In the culture of contemporary wassail, alongside the hallooing and pot banging, the mud, performance and fireworks, we make offering to the animate apple trees. The best of the year’s cider is poured on the roots of the trees – ‘old apple tree we wassail thee’. Toast fragments delicately adorn the tree’s branches – to feed the tree’s spirit, and also the small birds that weave their own songs of gratitude into the tree’s plenty.
This Twelfth Night we will be out in the dusk, hoping the pale clarity of the winter sunset will spill itself into Herefordshire’s great river as she meanders slowly between the fields and a nearby orchard. We do simple DIY wassails now – with ritual and recipes learnt from traditional songs, and with neighbours who generously promise warmed cider in return for the ceremony that wakes and thanks their apple trees. We’ll stumble together amongst the trees, breathing the cold night air and feeling our connection with the earth beneath us.
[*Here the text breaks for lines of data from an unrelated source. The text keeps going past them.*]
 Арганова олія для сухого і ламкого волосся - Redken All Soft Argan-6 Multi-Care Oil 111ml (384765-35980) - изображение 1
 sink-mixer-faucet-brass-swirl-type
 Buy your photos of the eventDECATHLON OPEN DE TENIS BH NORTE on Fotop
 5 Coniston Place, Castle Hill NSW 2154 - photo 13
Perhaps the current wassail revival feeds our growing longing for that connection – addressing the place deep in our collective consciousness where we recognise ourselves as part of the encompassing ecosystem, not other, not separate.
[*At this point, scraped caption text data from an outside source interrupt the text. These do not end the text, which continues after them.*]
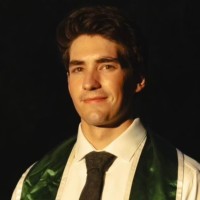 Nolan Teubel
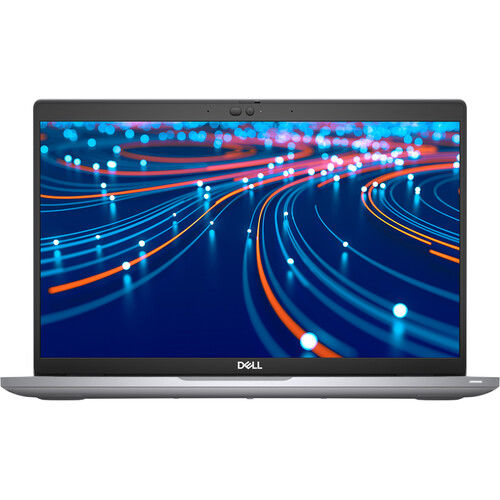 Is It Safe to Buy a Refurbished Laptop in India?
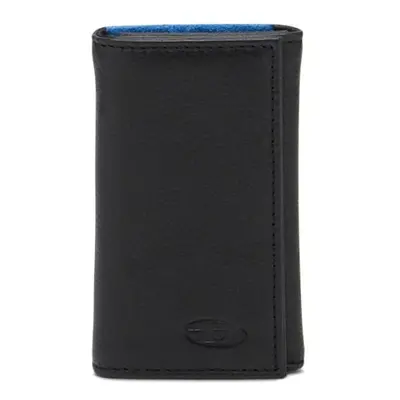 Diesel Case - HISSU KEYCASE II wallet black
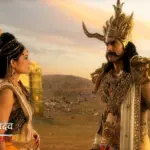 กำเนิดสีดา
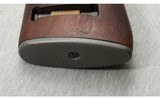 Inland ~ M1 Carbine ~ .30 Carbine - 9 of 9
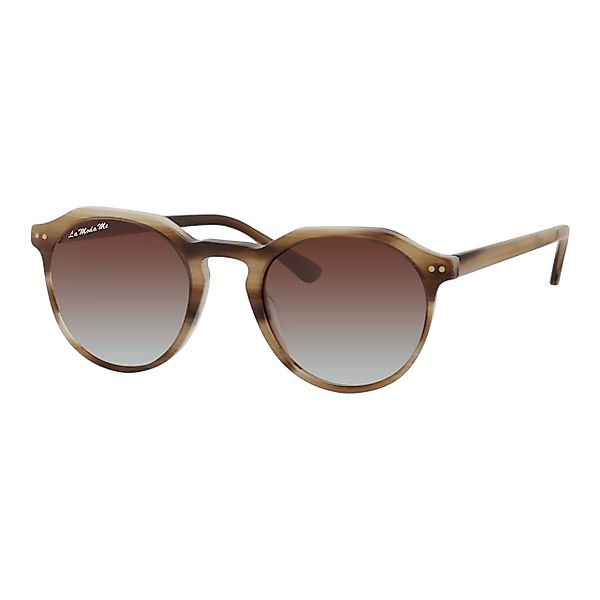La Moda Me Sonnenbrille Joh Brick günstig online kaufen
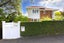 18 Bay Road, St Heliers, Auckland - Carousel 25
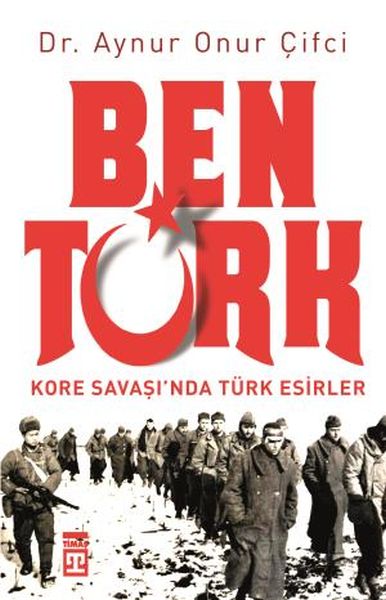 Ben Türk-zoom-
… and perhaps our wassail ceremony is met by a reciprocity from the earth. In the ancient rites of celebration amidst the apple trees, the magic of shared song and laughter, as we give our gratitude for all those lovely apples – hat fulls, cap fulls, three bushel bags full, and little heaps under the stairs – for a moment we come home to ourselves, and home to the land.
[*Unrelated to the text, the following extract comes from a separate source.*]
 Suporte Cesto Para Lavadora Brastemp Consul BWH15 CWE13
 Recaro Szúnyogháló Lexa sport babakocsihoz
I have to correct your history – in the aftermath of the Norman Conquest, it was the native land-owners who were dispossessed not the general population. It is estimated that only some 10,000 assorted French made England their home, settling among a population of perhaps 1.5 million. Did the Normans (and Bretons) bring cider-making and drinking with them? In passing, it is noteworthy that the Old English ‘ealuscerwen’ is thought to mean ‘sense of panic induced by lack of ale’ – there is a similar lack of mead concept, but I’m not aware of a cider equivalent.
Hi Nick – well I’m no historian so it may well be that my history needs correcting. I based that paragraph on the often quoted Orderic Vitalis – an example here from his Historia Ecclesiastica:
“In his anger (William the Conqueror) commanded that all crops and herds, chattels and food of every kind should be brought together and burned to ashes with consuming fire, so that the whole region north of Humber might be stripped of all means of sustenance. In consequence so serious a scarcity was felt in England, and so terrible a famine fell upon the humble and defenceless populace, that more than 100,000 Christian folk of both sexes, young and old alike, perished of hunger.”
.. more relevant than this is perhaps the point that this was a time when a shared living from the land was revoked. Land access prior to William’s reign certainly happened through a complex pyramid of already feudal relationships, but with the harrying of the north serfs / peasants and landowners alike were removed from land that had sustained them, and land ownership passed absolutely to the Crown – with conditions of homage and new obligations of military service attached.
But there is always more to learn, and I continue to read this history with interest – and history tells many stories.
And how excellent that shortage of ale had its own word. Thanks for sharing.